Will Hillsborough County Public Defender Julie Holt ever run for re-election when ethics isn't an issue?

By Francis X. Gilpin

Associate Editor

Many incumbents don't have to worry about political challenges after their second or third term in elected office. Democrat Julianne M. Holt doesn't know that luxury.

The investigation-scarred public defender of Hillsborough County wants a fourth term. For the third time since her 1992 election, however, a Republican stands in the way.

This year's challenger is William Ashley Knight, a name that echoes of Old Tampa. The 36-year-old solo-practicing attorney, a Columbia University graduate with a law degree from Stetson University, is a great-grandson of Peter O. Knight, a pioneering attorney and power broker in the Cigar City.

Belying his pedigree and Ivy League education, Will Knight worked as an assistant public defender for Holt from 1994 to 1998. He seems to have more than passing familiarity with the aura of malfeasance that has permeated Holt's nearly 12 years in the office.

"Myself and every other lawyer in that office are going to follow the rule of law. We're going to follow the rule of law on ethics also," Knight told the Tiger Bay Club of Tampa at a luncheon debate with Holt on Sept. 3. "We're going to do just what's required and allowed by the state rules.
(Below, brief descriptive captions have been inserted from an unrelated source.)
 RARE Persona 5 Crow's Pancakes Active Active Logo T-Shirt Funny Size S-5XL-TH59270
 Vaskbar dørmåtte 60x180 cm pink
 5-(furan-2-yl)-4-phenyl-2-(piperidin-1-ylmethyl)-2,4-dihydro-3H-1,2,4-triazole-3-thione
We're not going to ask any employee to do anything else."

Holt, 49, is paid $137,684 annually to oversee an office of 180 employees that she says handles about 70,000 criminal cases a year with a budget of $10 million.

Her re-election margins have been shrinking since she ousted Judge C. Luckey Jr. in the 1992 Democratic primary. She polled 62% that year. In 1996, she beat John D. Hooker in the general election with 58%. In the 2000 election, she defeated Alan Sandler with just 54%.
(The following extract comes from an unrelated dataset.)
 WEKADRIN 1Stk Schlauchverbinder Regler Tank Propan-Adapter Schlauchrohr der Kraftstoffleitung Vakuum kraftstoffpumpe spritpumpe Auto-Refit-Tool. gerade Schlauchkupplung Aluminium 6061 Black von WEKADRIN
Her dwindling popularity might be due to the possibility that she is the Tampa Bay area's most-scrutinized elected official. Since 1995, following a series of St. Petersburg Times exposes, Holt has been the subject of two state ethics inquiries and one state grand jury probe.

The grand jury scolded Holt but cleared her of criminal wrongdoing in connection with her signing the name of another lawyer to a check she cashed from a former client. Earlier this year, the second ethics commission probe ended with the dismissal of the last charges remaining from more than a dozen filed against Holt, including accusations that she used public employees to run private errands on government time.

Oddly enough, the challenger's wife, Kathleen C. Knight, a partner at the Tampa law firm of James Hoyer Newcomer & Smiljanich PA, was part of the legal team that helped Holt beat the latest ethics charges.

Holt reminds potential voters that, for all the government sleuthing and newspaper muckraking, she has never been charged with a crime. "I was exonerated in totality in the ethics investigation," she says of the administrative proceeding. "That was after a nice, long, one-month trial, longer than any first-degree murder trial that I've ever been in."

The clients of Holt's office are those accused of a crime who cannot afford their own legal counsel. Given the tenure of the campaign so far, Holt questions Will Knight's fitness to serve in her place.

"If you listen to what Mr. Knight says, if you have a charge placed against you, you're a tainted person and you're a person that's not worthy," Holt told the Tiger Bay crowd. "Is that the type of individual you want, who day in and day out at 70,000 cases, is going to think that the people that come into the system are not worthy because they're in the system?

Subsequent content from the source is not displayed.